Segment Start: EXERCISE INPUT

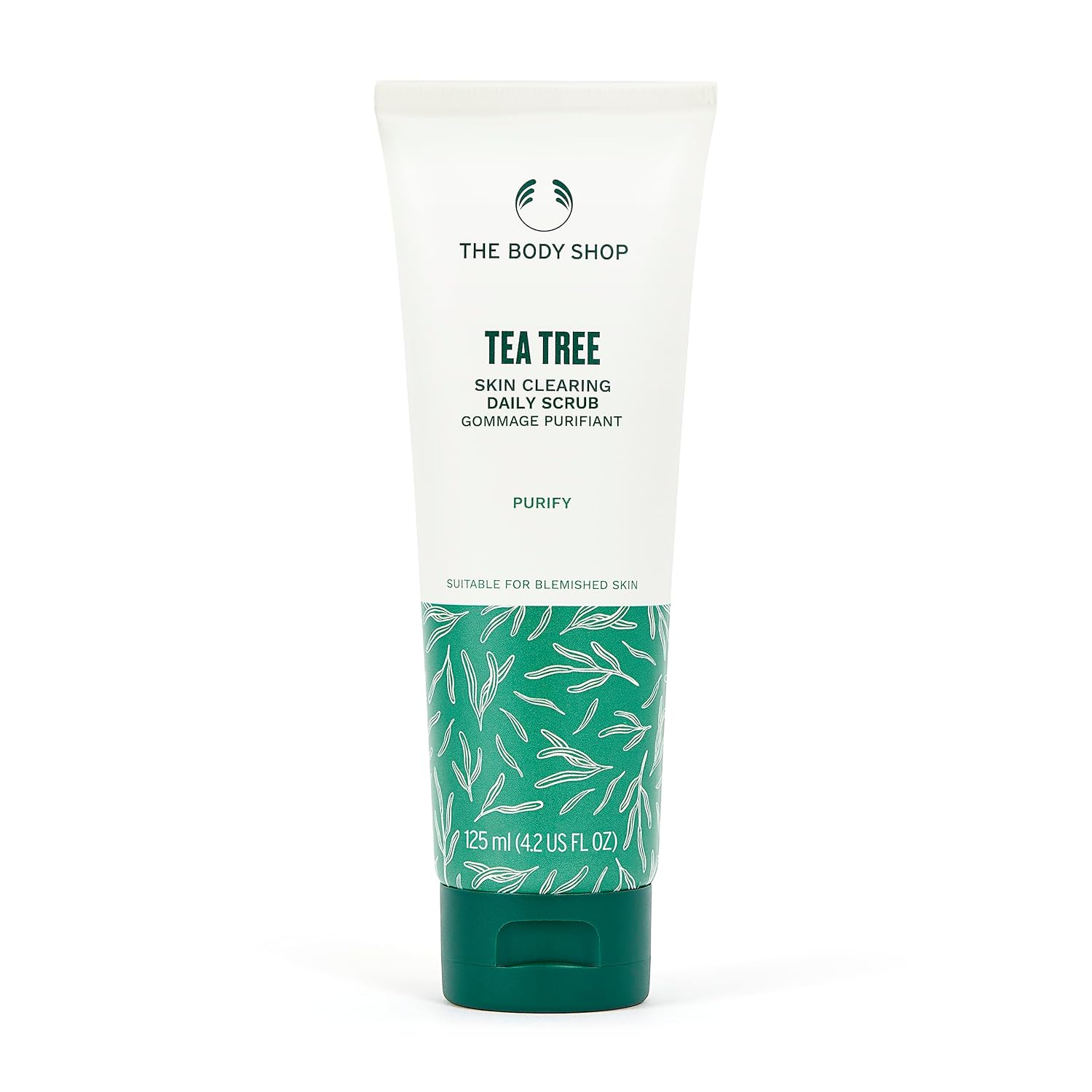 The Body Shop Tea Tree Skin Clearing Daily Face Scrub - Exfoliating and Purifying For Blemished Skin - Vegan - 4.2 Fl Oz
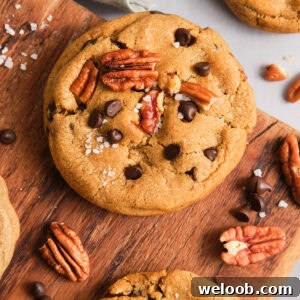 Cookies with pecans, chocolate chips, and butterscotch chips.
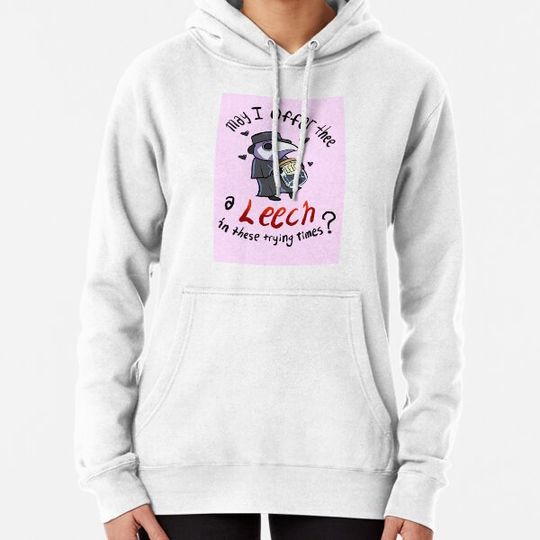 Discover Cute Plague Doc with Leech Jar Hoodies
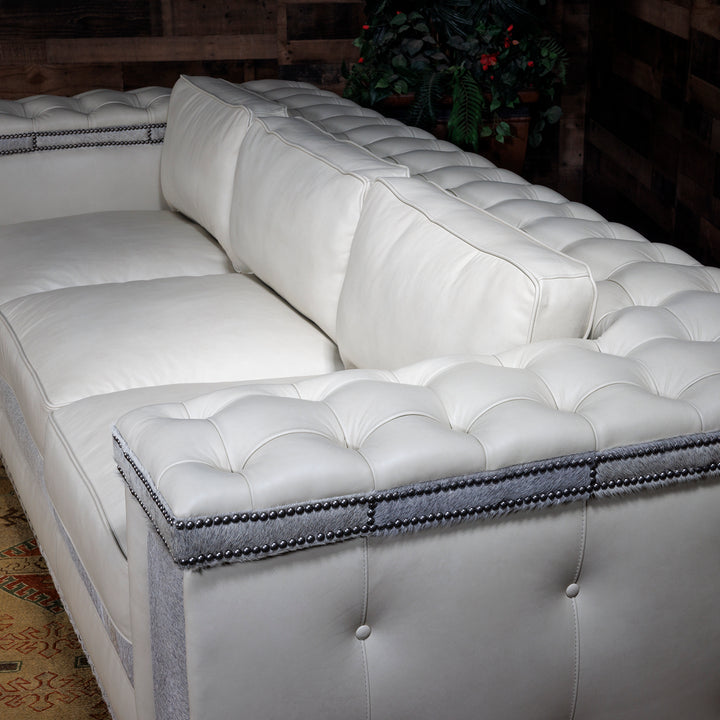 Sheridan Modern Rustic Leather Sofa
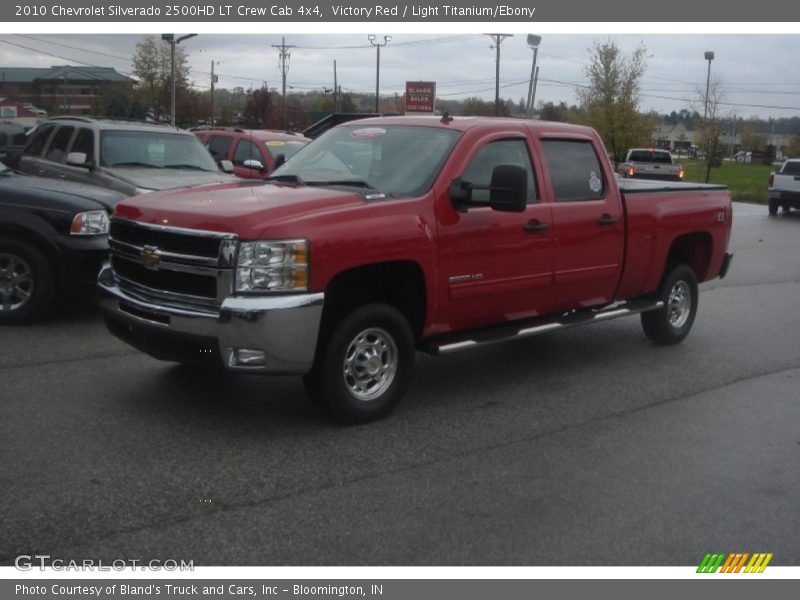 Victory Red / Light Titanium/Ebony 2010 Chevrolet Silverado 2500HD LT Crew Cab 4x4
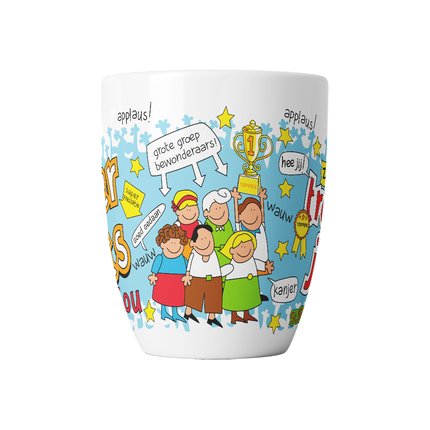 Cartoon Becher - Stolz auf dich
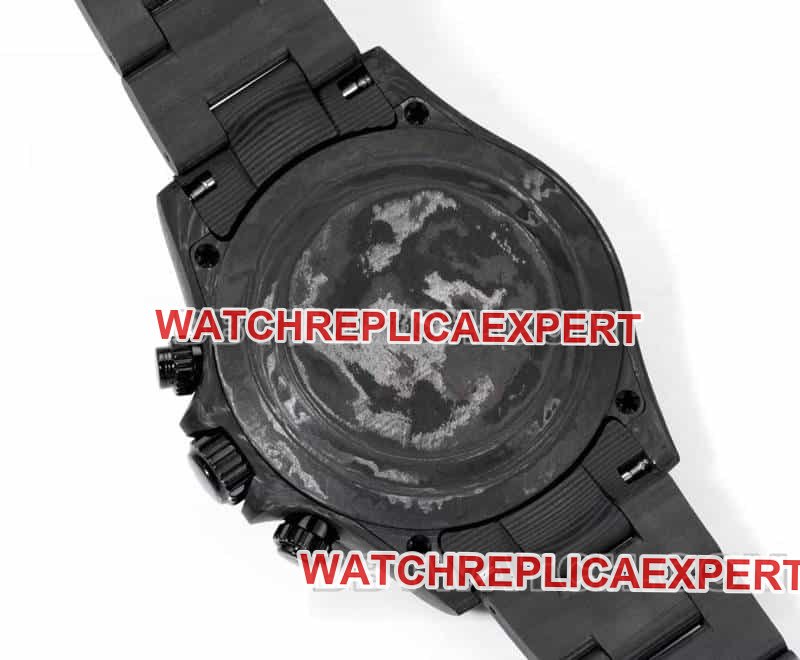 TW factory Rolex Daytona super clone carbon fiber hollow plate black steel bracelet caseback live photo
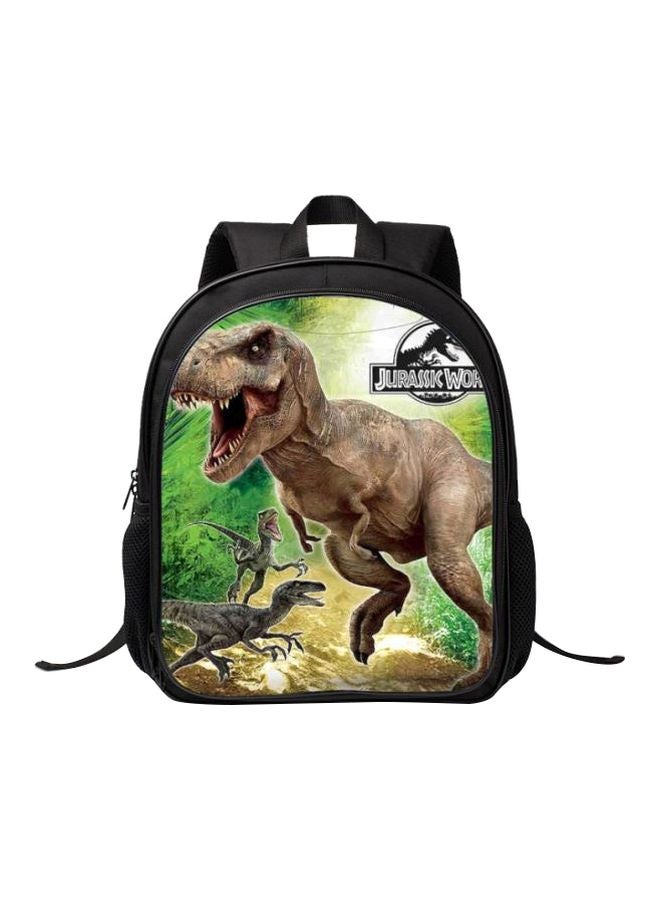 Dinosaur Printed Backpack Green/Brown/Black 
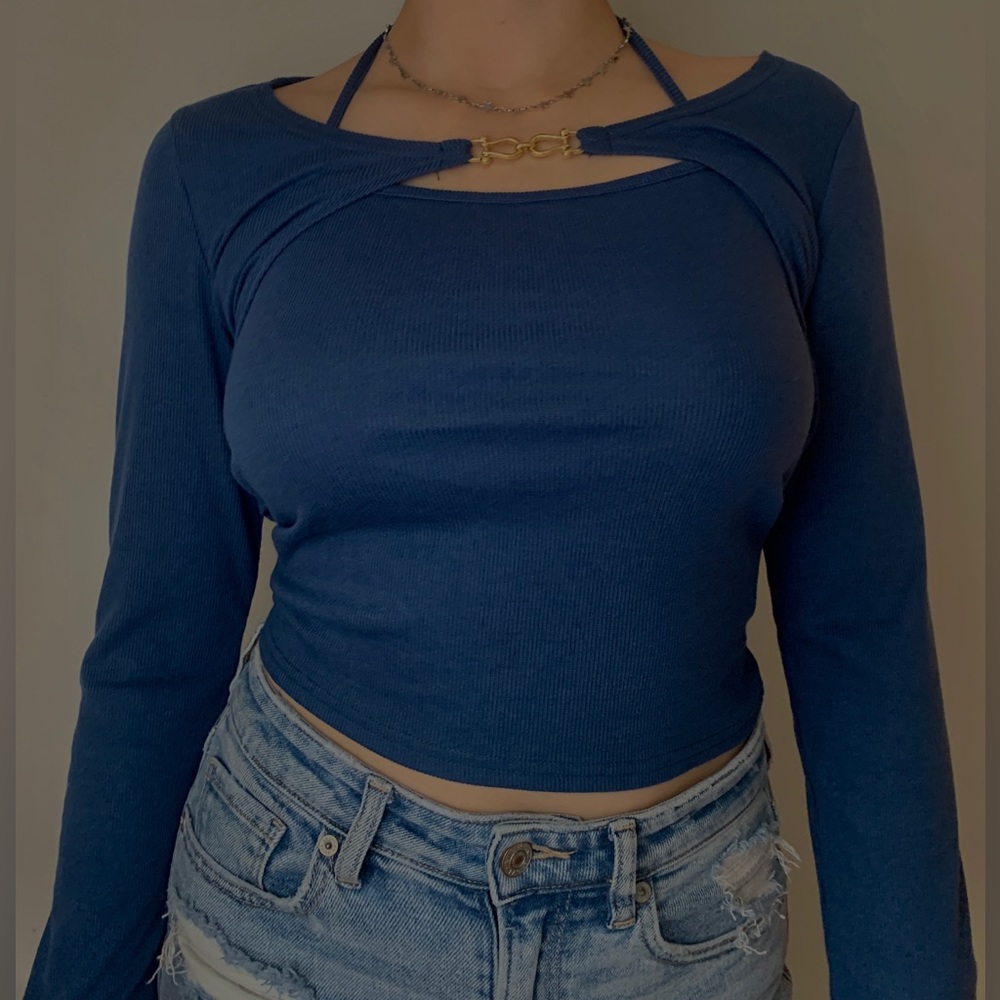 Women’s blue two-piece set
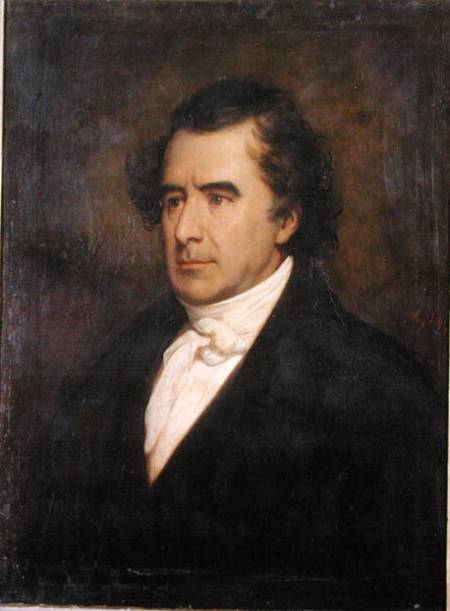 Portrait of Dominique Francois Jean Arago (1786-1853) from Ary Scheffer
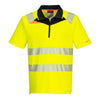 T-shirt polo à manches courtes et col zippé haute visibilité Portwest DX412 Achetez uniquement maintenant chez Workwear Nation !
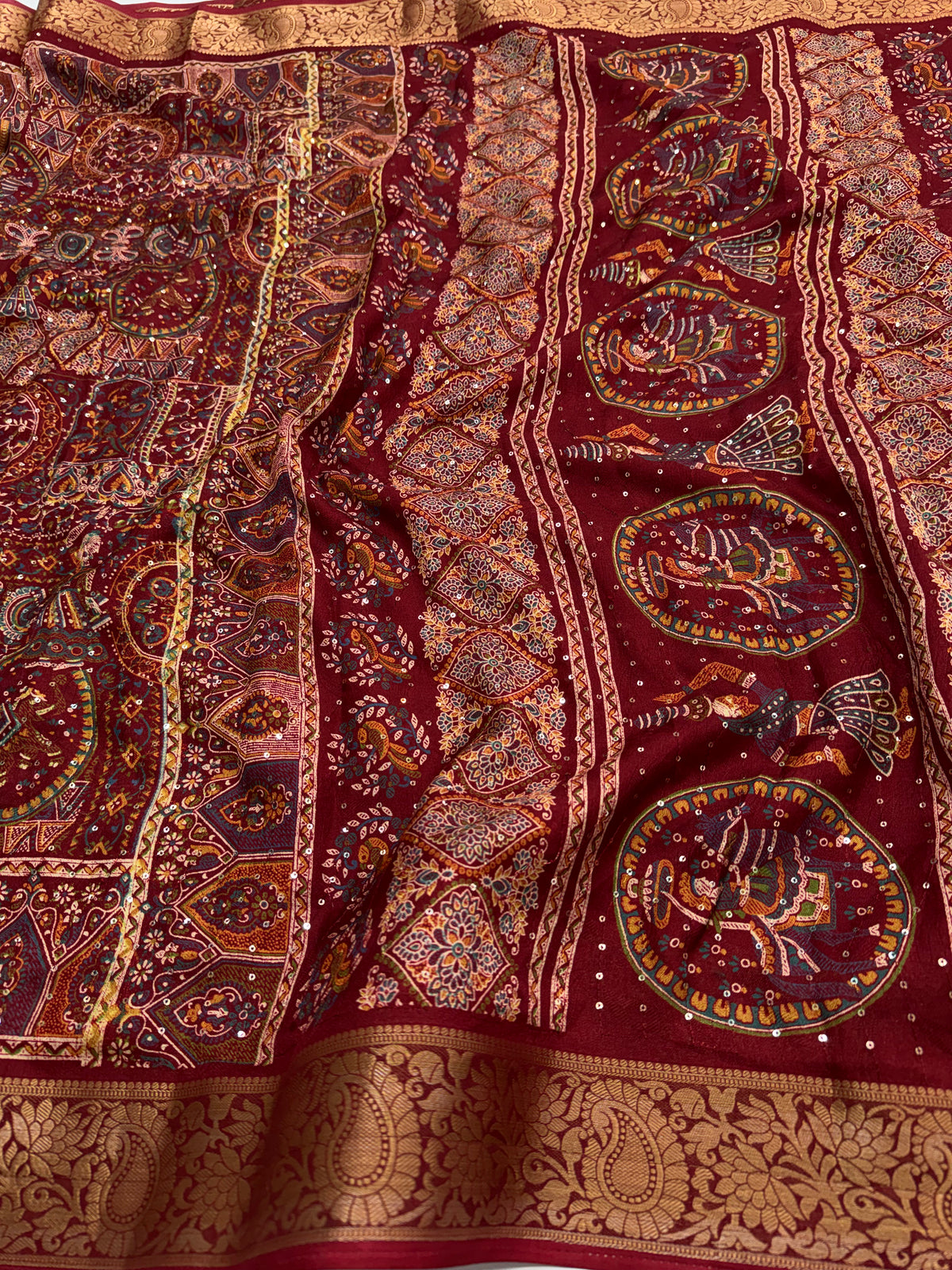 Divine Festive Wear Soft Silk Sequence Work Jacquard Border Designer Saree With Blissful Blouse Piece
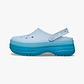 Crocs Classic Stacked Clog - כפכפי פלטפורמה קרוקס לנשים בצבע מרינה כחול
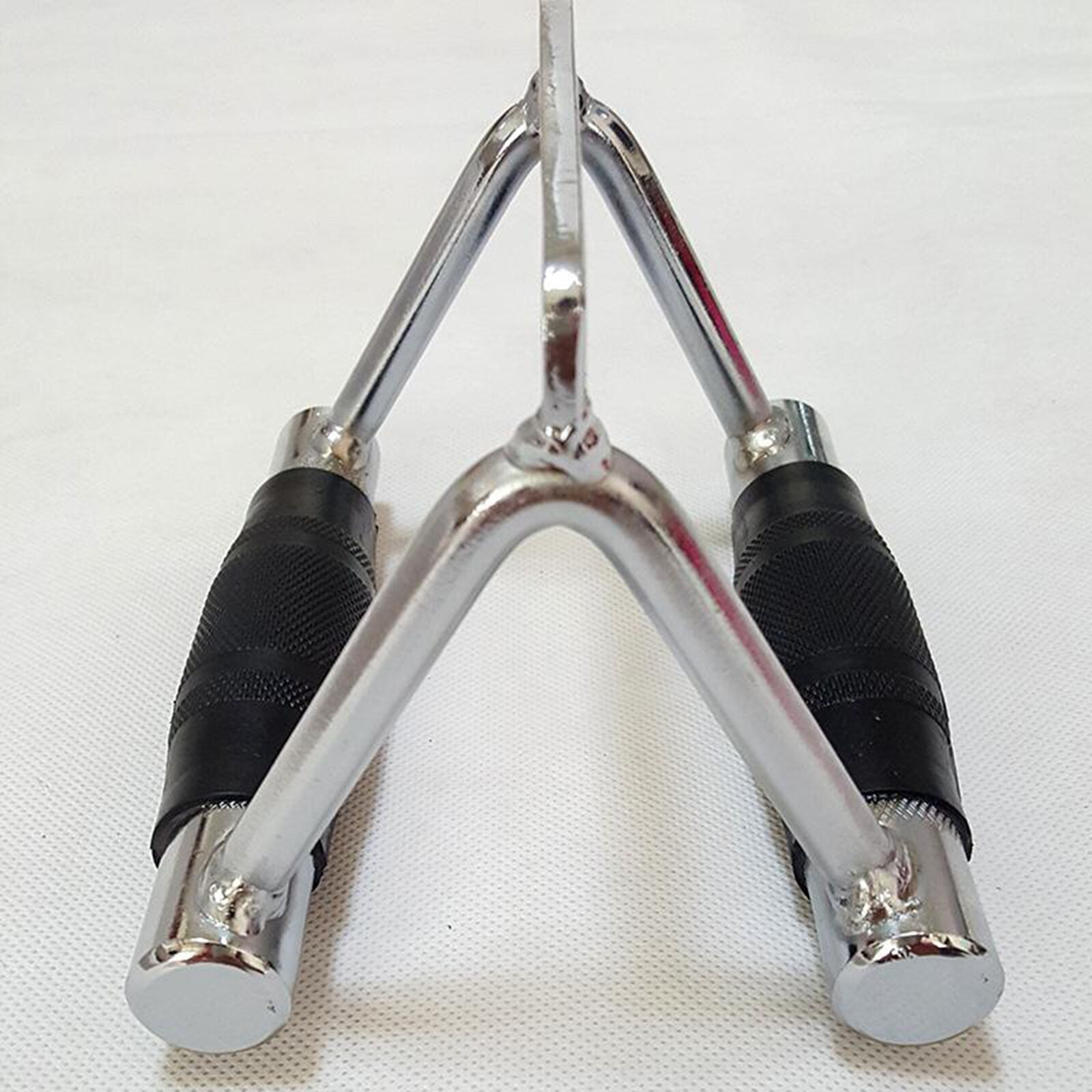 Solid Cable Machine Attachment Exercise Fitness Equipment Handle Replacement LAT Weightlifting Pull Down Rowing Handle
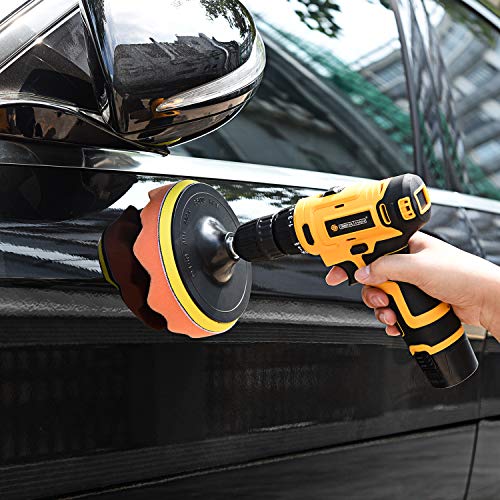 Image of Kshineni Car Buffer Pads 6 Inch Buffing Polishing Pads, 11 Pcs Drill Buffing Kit, Auto Polisher Pads Car Foam Drill for Automotive Polishing, Waxing, Sanding, Sealing Glaze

Segment End: EXERCISE INPUT

* **EXERCISE OBJECTIVE**
Repeat all the records above exactly, leaving out any pictures.

* **ANSWER SECTION**
 The Body Shop Tea Tree Skin Clearing Daily Face Scrub - Exfoliating and Purifying For Blemished Skin - Vegan - 4.2 Fl Oz
 Cookies with pecans, chocolate chips, and butterscotch chips.
 Discover Cute Plague Doc with Leech Jar Hoodies
 Sheridan Modern Rustic Leather Sofa
 Victory Red / Light Titanium/Ebony 2010 Chevrolet Silverado 2500HD LT Crew Cab 4x4
 Cartoon Becher - Stolz auf dich
 TW factory Rolex Daytona super clone carbon fiber hollow plate black steel bracelet caseback live photo
 Dinosaur Printed Backpack Green/Brown/Black 
 Women’s blue two-piece set
 Portrait of Dominique Francois Jean Arago (1786-1853) from Ary Scheffer
 T-shirt polo à manches courtes et col zippé haute visibilité Portwest DX412 Achetez uniquement maintenant chez Workwear Nation !
 Divine Festive Wear Soft Silk Sequence Work Jacquard Border Designer Saree With Blissful Blouse Piece
 Crocs Classic Stacked Clog - כפכפי פלטפורמה קרוקס לנשים בצבע מרינה כחול
 Solid Cable Machine Attachment Exercise Fitness Equipment Handle Replacement LAT Weightlifting Pull Down Rowing Handle
 Image of Kshineni Car Buffer Pads 6 Inch Buffing Polishing Pads, 11 Pcs Drill Buffing Kit, Auto Polisher Pads Car Foam Drill for Automotive Polishing, Waxing, Sanding, Sealing Glaze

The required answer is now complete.